1000yardstare 18th April 2009 01:59

http://content.cricinfo.com/england/...ch/400059.html

I came across this on another board. :)

Chin Music 18th April 2009 07:09

KYS loved that story about the Ws, Wasim was a legend in what he did completely. What got me was that he really only needed a few yards to run in and he could generate ridiculous pace. There was a story that because of the strength of his wrist he could even generate good pace from a standing start.

A mate of mine played against him in the Birmingham league relatively recently (last few years) and said he was still a mare to face and wasn't short of a few words either. :cheesy:

Ali TT 19th April 2009 10:06

http://www.youtube.com/watch?v=WFOjvZaXeQ8

wasim at his best

1000yardstare 21st April 2009 02:16

http://content.cricinfo.com/ci/conte...ry/140418.html

It would be good if say twice a year we could have a masterclass for our bowlers by some of the great bowlers.

Chin Music 21st April 2009 08:28

Quote:

Originally Posted by 1000yardstare (Post 309842)
http://content.cricinfo.com/ci/conte...ry/140418.html

It would be good if say twice a year we could have a masterclass for our bowlers by some of the great bowlers.

Remember that the MRF pace academy in Chennai was started ages ago by Dennis Lillee. It took them a number of years but has now started to pay dividends for India. England should look to do something similar with the likes of Goughie (a reverse swing master) and Si Jo given that he is unlikely to come back.

geoff_boycotts_grandmother 21st April 2009 14:11

Quote:

Originally Posted by Chin Music (Post 309852)
Remember that the MRF pace academy in Chennai was started ages ago by Dennis Lillee. It took them a number of years but has now started to pay dividends for India. England should look to do something similar with the likes of Goughie (a reverse swing master) and Si Jo given that he is unlikely to come back.

I think we need to get people like Wasim Akram as much for their input on the mental side of things: how to think as a bowler. At international level the coaching shouldn't be so much technical, it should be how to apply those techniques.

Chin Music 21st April 2009 15:14

Quote:

Originally Posted by geoff_boycotts_grandmother (Post 309912)
I think we need to get people like Wasim Akram as much for their input on the mental side of things: how to think as a bowler. At international level the coaching shouldn't be so much technical, it should be how to apply those techniques.
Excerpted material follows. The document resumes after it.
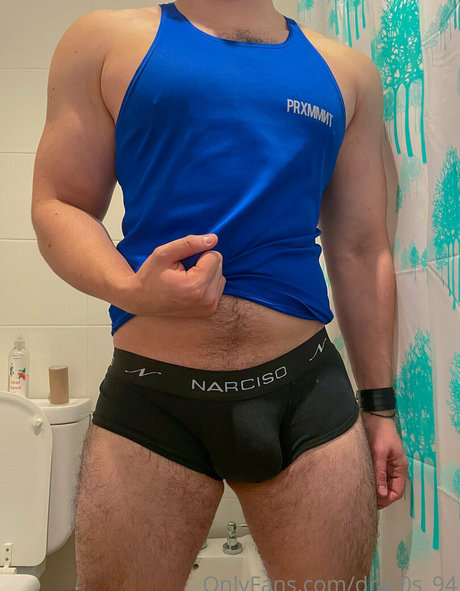 drac0s 94 NurlyFans-Brüste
Agreed, I think bowlers minds could be scrambled by technical twaddle in terms of tweaking their actions. If there is something majorly wrong with their action they shouldn't be anywhere near the England team.

geoff_boycotts_grandmother 21st April 2009 15:55

Quote:

Originally Posted by Chin Music (Post 309927)
Agreed, I think bowlers minds could be scrambled by technical twaddle in terms of tweaking their actions. If there is something majorly wrong with their action they shouldn't be anywhere near the England team.

Actually re-reading it I think FBU was probably talking about the young bowlers. I'd also be in favour of a pace camp for the youngsters dealing with the more technical side, but I'd probably look for more of a bio-mechanist than a former test great to coach that.

Fatslogger 21st April 2009 16:00

Quote:

Originally Posted by geoff_boycotts_grandmother (Post 309950)
Actually re-reading it I think FBU was probably talking about the young bowlers. I'd also be in favour of a pace camp for the youngsters dealing with the more technical side, but I'd probably look for more of a bio-mechanist than a former test great to coach that.

I wonder what Ian Pont is up to at the moment.

1000yardstare 21st April 2009 16:07

Quote:

Originally Posted by Fatslogger (Post 309953)
I wonder what Ian Pont is up to at the moment.

I think he is out in South Africa working with a young bowler called Atul

http://www.pakpassion.net/ppforum/sh...ad.php?t=71318

geoff_boycotts_grandmother 21st April 2009 16:15

Quote:

Originally Posted by 1000yardstare (Post 309956)
I think he is out in South Africa working with a young bowler called Atul

http://www.pakpassion.net/ppforum/sh...ad.php?t=71318

He certainly knows how to talk things up.

High Druid Nathan Barley 21st April 2009 16:17

I think he's slipping. It took him 2 sentences to mention his book.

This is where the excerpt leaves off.